## The data
==*==
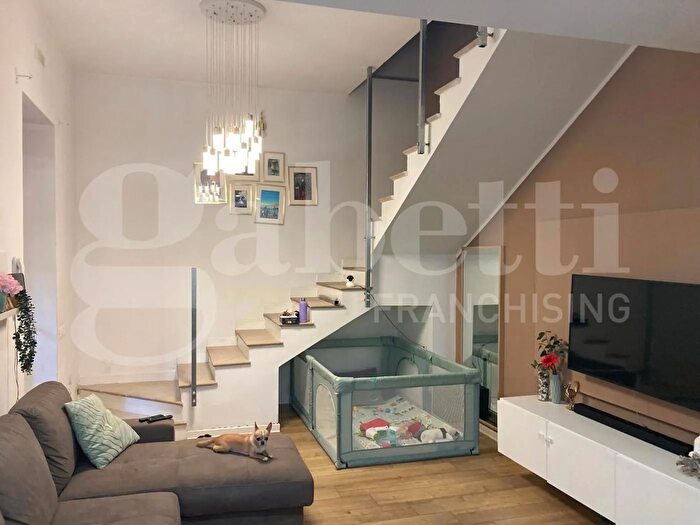 Appartamento trilocale in vendita in Via XX Settembre, Battipaglia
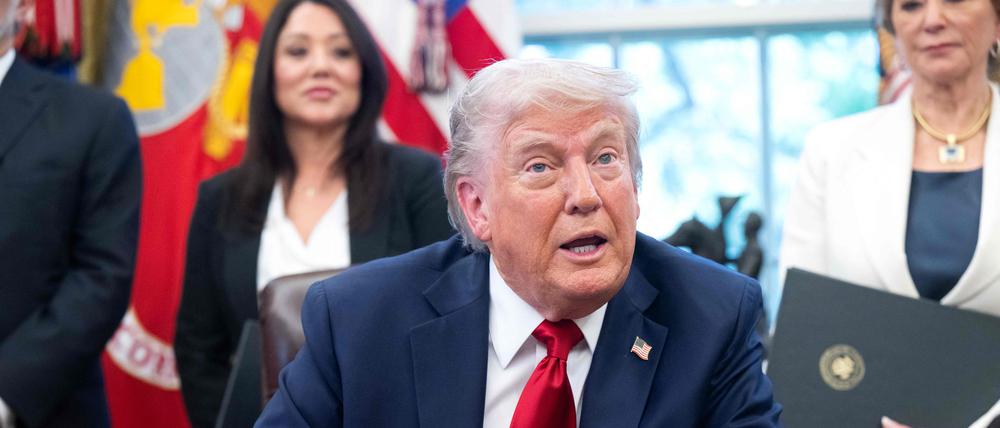 US-Präsident Donald Trump spricht zu den Medien, nachdem er im Oval Office Durchführungsverordnungen in Bezug auf Hochschuleinrichtungen unterzeichnet hat (Symbolbild).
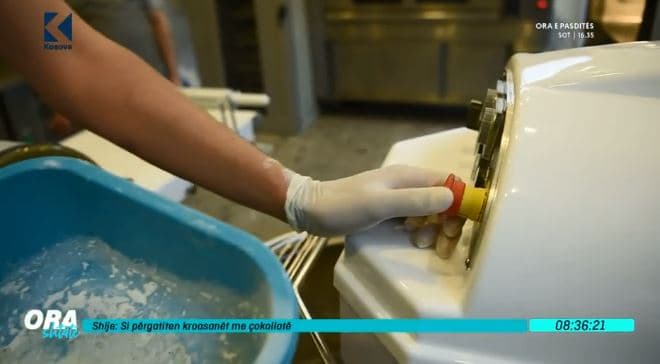Si përgatiten kroasantët me çokollatë? (VIDEO)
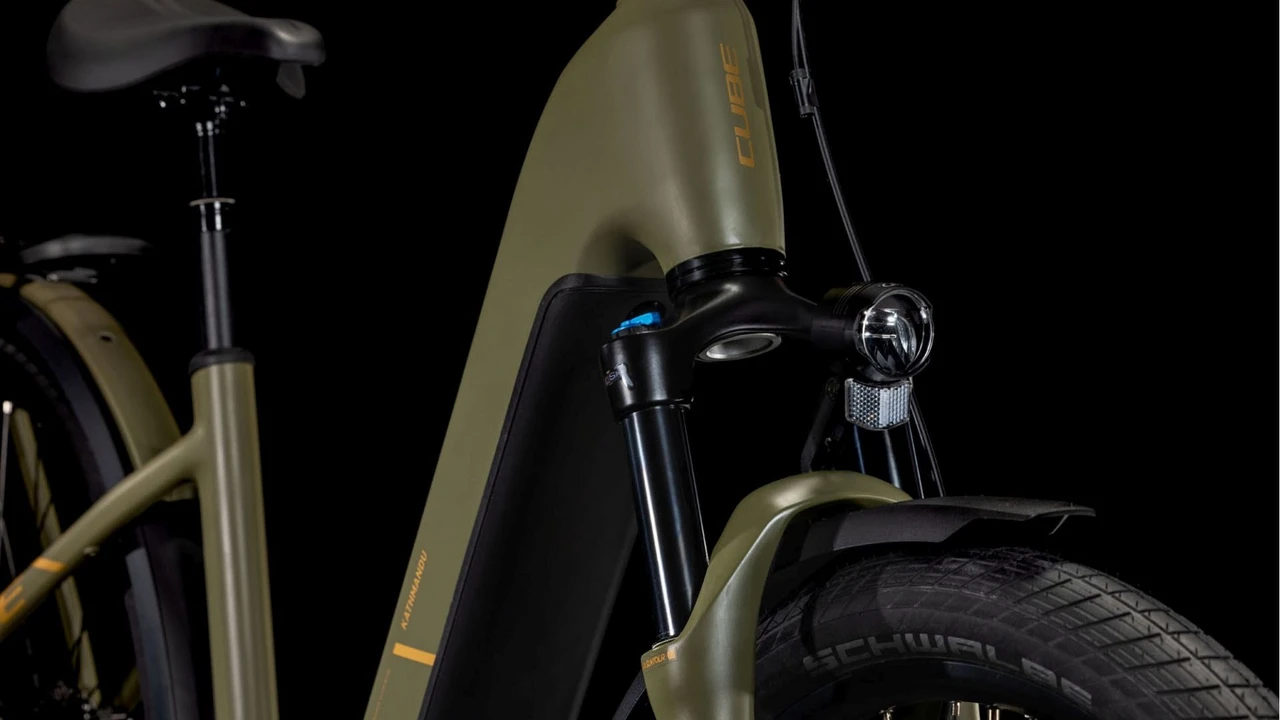 Cube Kathmandu Hybrid Pro 800 2025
==*==
## Task description
Retype, word for word, only the lines from the line with "US-Präsident Donald Trump" to the final line of the listing above; the pictures do not belong in the copy.

## Result for this task
 US-Präsident Donald Trump spricht zu den Medien, nachdem er im Oval Office Durchführungsverordnungen in Bezug auf Hochschuleinrichtungen unterzeichnet hat (Symbolbild).
Si përgatiten kroasantët me çokollatë? (VIDEO)
 Cube Kathmandu Hybrid Pro 800 2025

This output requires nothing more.